## EXERCISE AIM
When you reach the line that holds "Wie meine M****i feucht wird", start copying exactly and keep going through the final line of the data, leaving out pictures.

(Data records)
════════════════

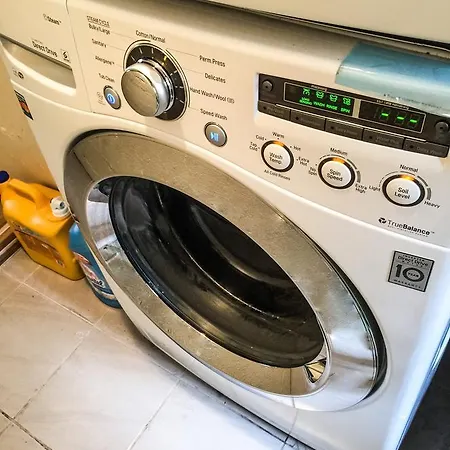 Two Bedroom Private - Bay Ridge Apartment New York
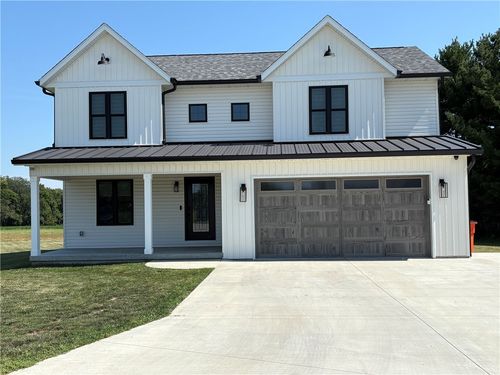 8 Sunrise Cir, Sullivan, IL, 61951-3500 | Card Image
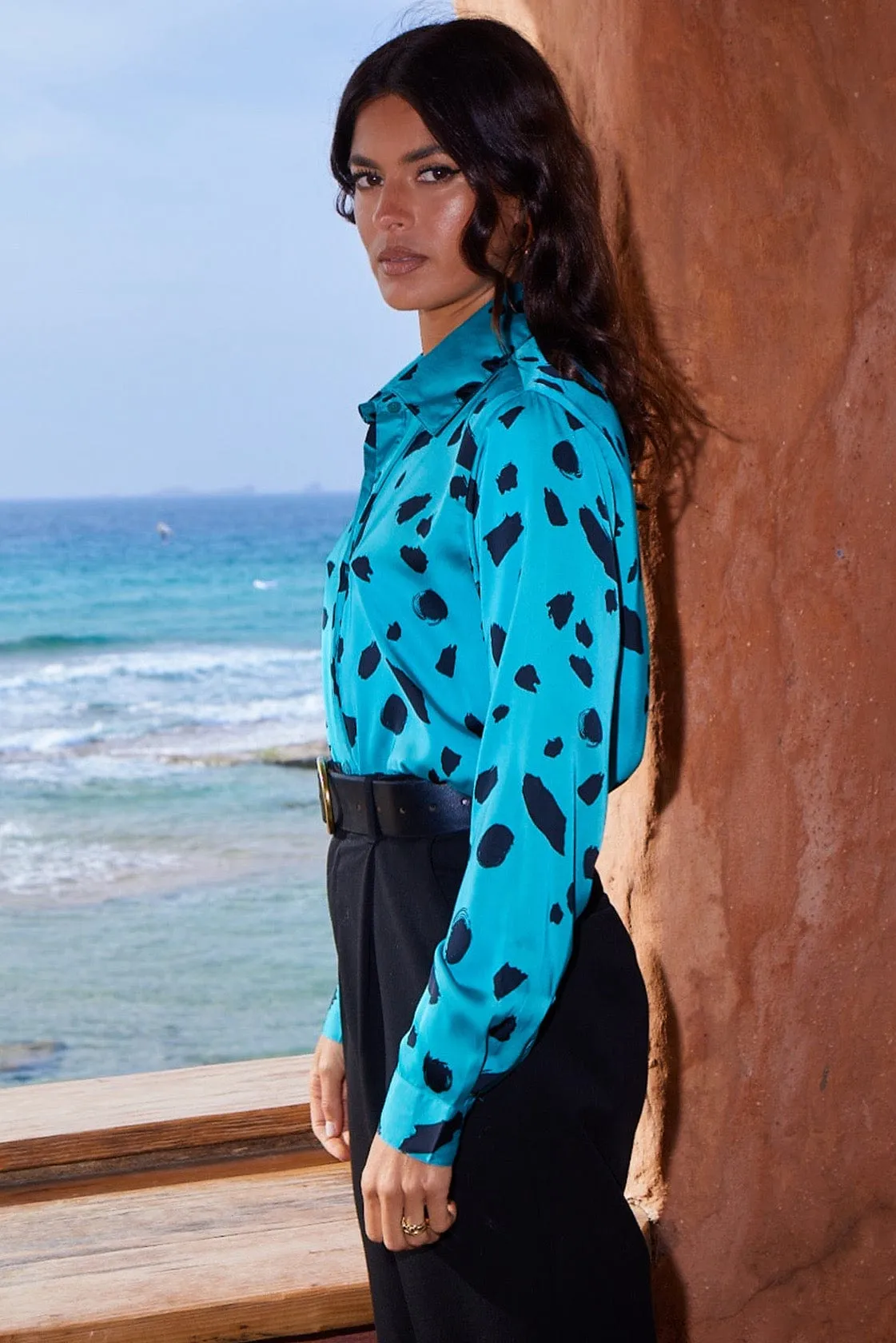 Nevada Shirt In Abstract Dot Black On Teal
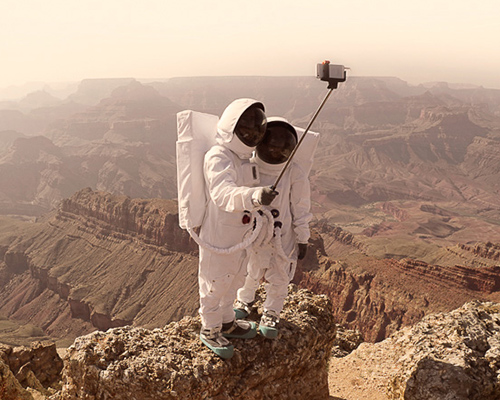 greetings from mars: how would humans act as tourists on the red planet?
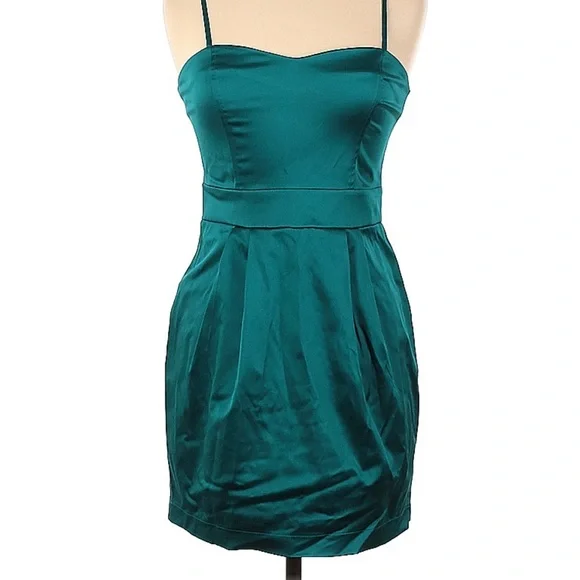 green emerald velvet dress Strapless Satin Mini Dress Camel / XL main image 0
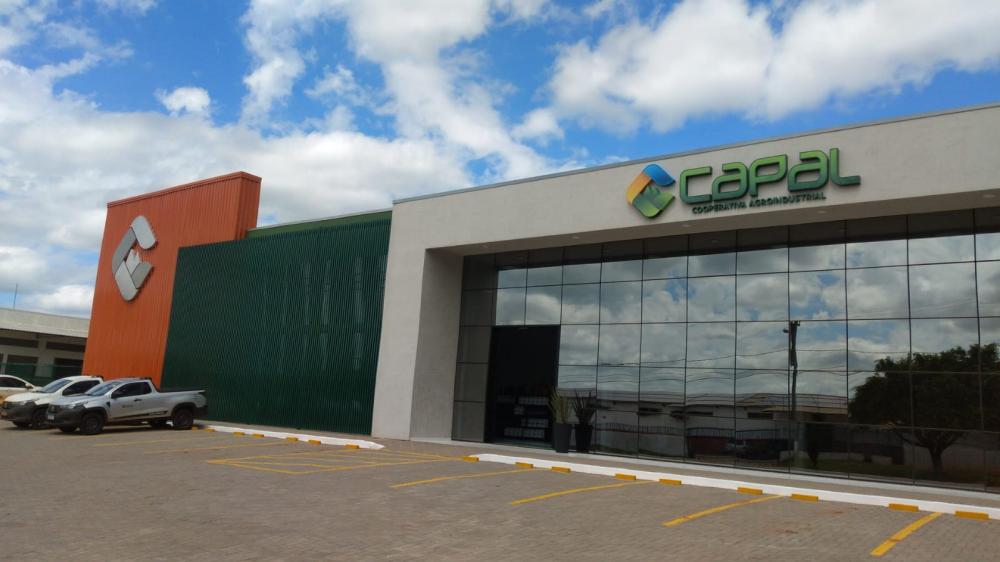 A inauguração contou com a presença dos membros do Conselho de Administração (presidentes e diretores), associados, colaboradores e representantes do poder público que juntos se uniram para o descerramento da placa oficial. 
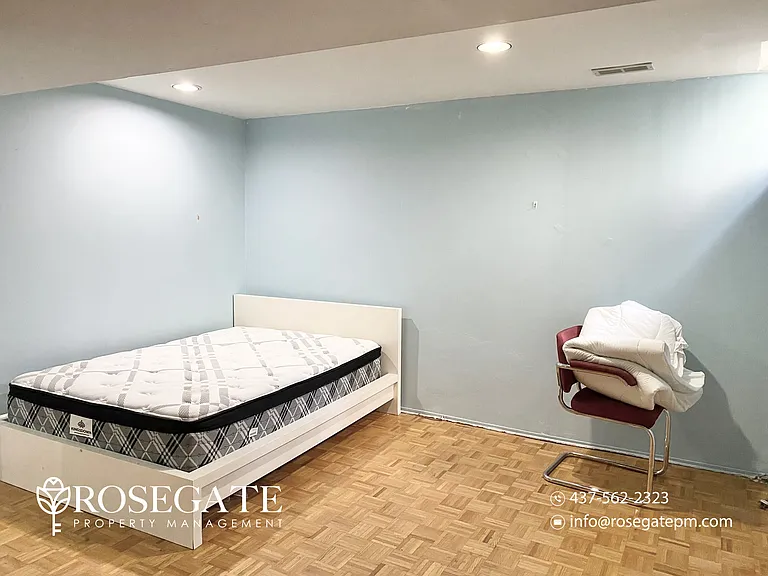 3528 Ellesmere Rd #2 — Photo 5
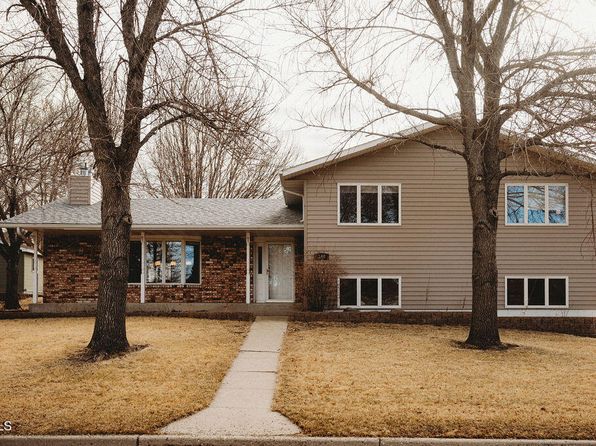 304 21st Ave NE, Jamestown, ND 58401
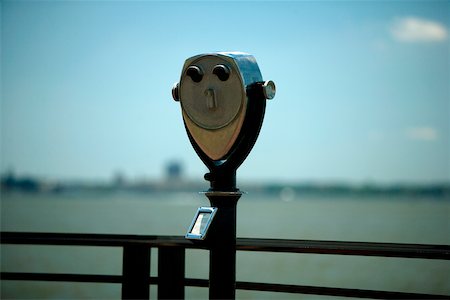 Coin-operated binocular at an observation point, New York City, New York State, USA Stock Photo - Premium Royalty-Free, Code: 625-01093302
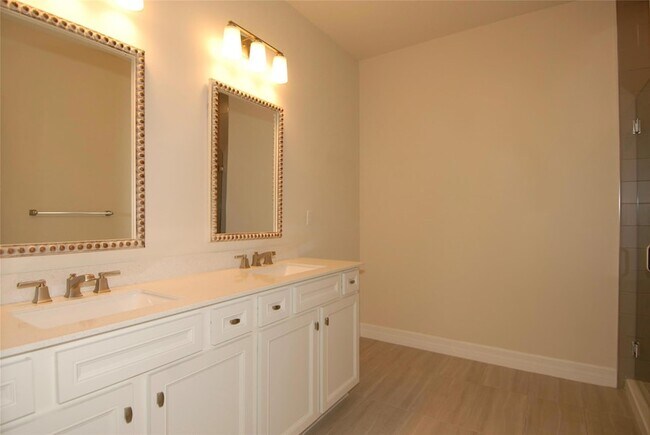 Building Photo - 4628 Pinehurst Trl E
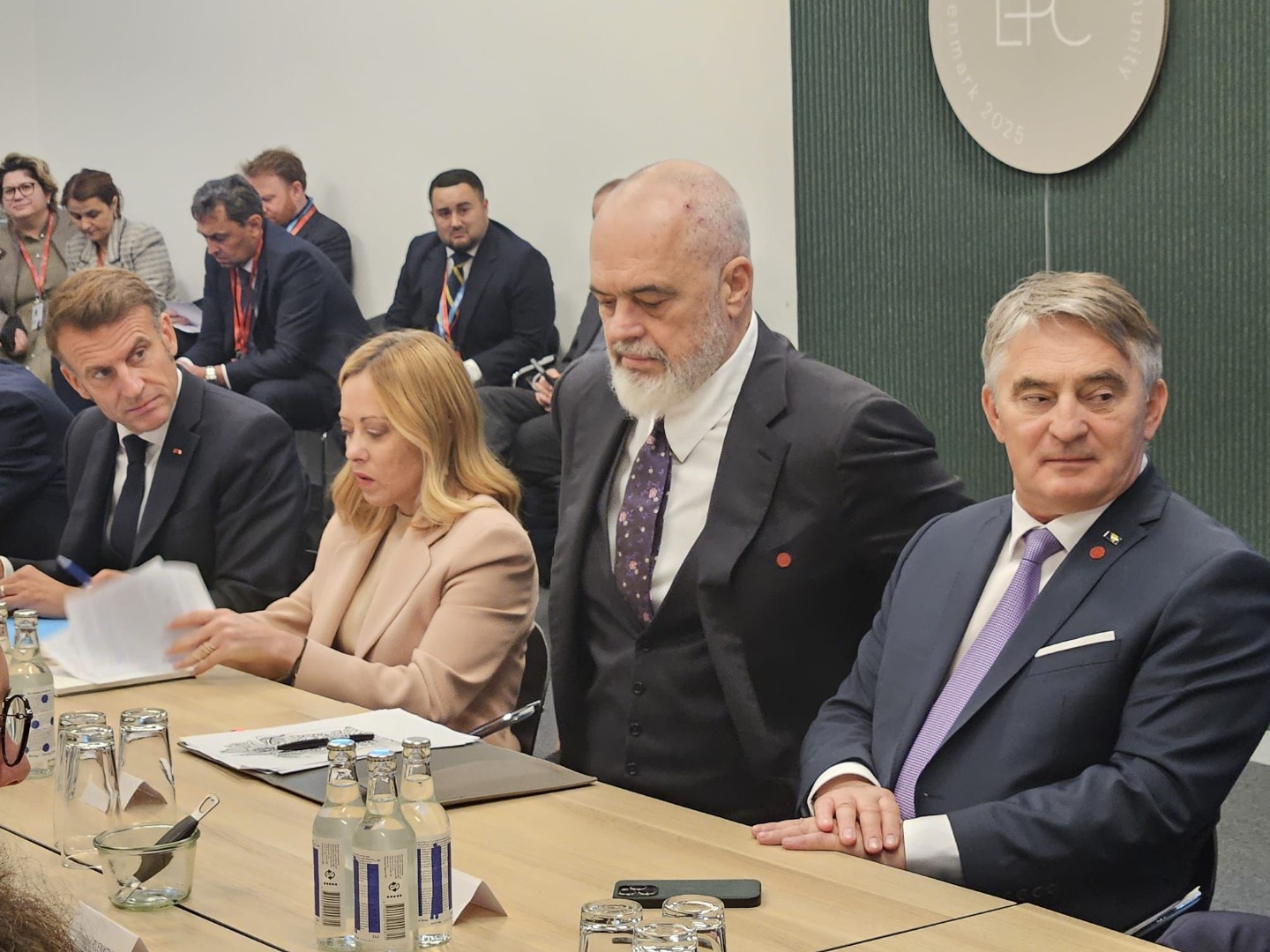 Komšić prisustvovao sastanku na poziv Macrona i Meloni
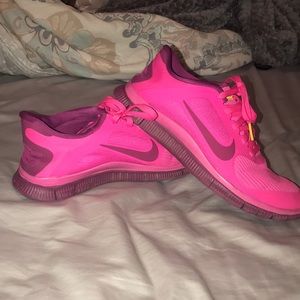 Nike tennis shoes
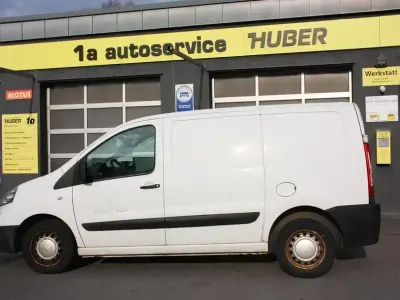 Gebraucht Peugeot Expert 136 PS (100 kW) 2009 Weiß Van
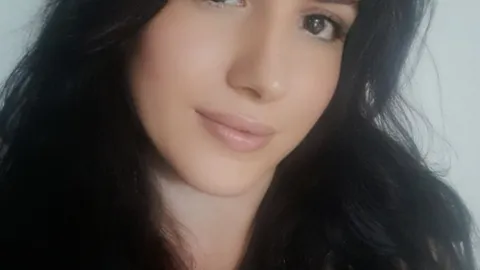 Wie meine M****i feucht wird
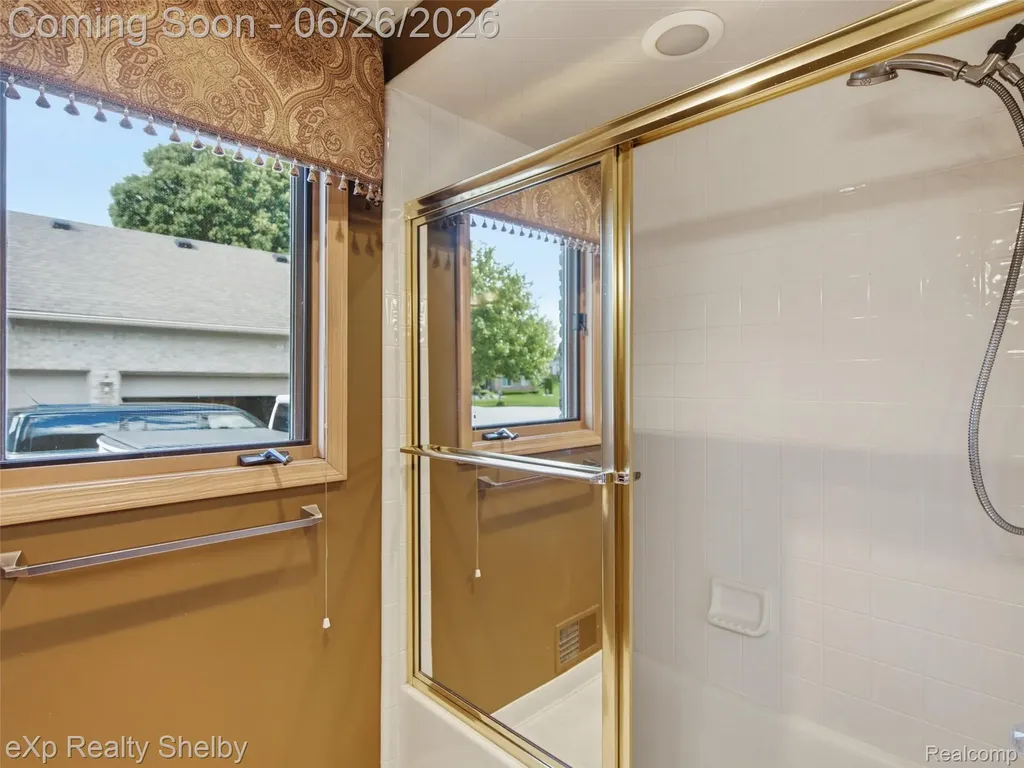 56432 Cromwell Court Shelby Charter Township MI 48316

════════════════

## OUTPUT FOR THIS TASK
 Wie meine M****i feucht wird
 56432 Cromwell Court Shelby Charter Township MI 48316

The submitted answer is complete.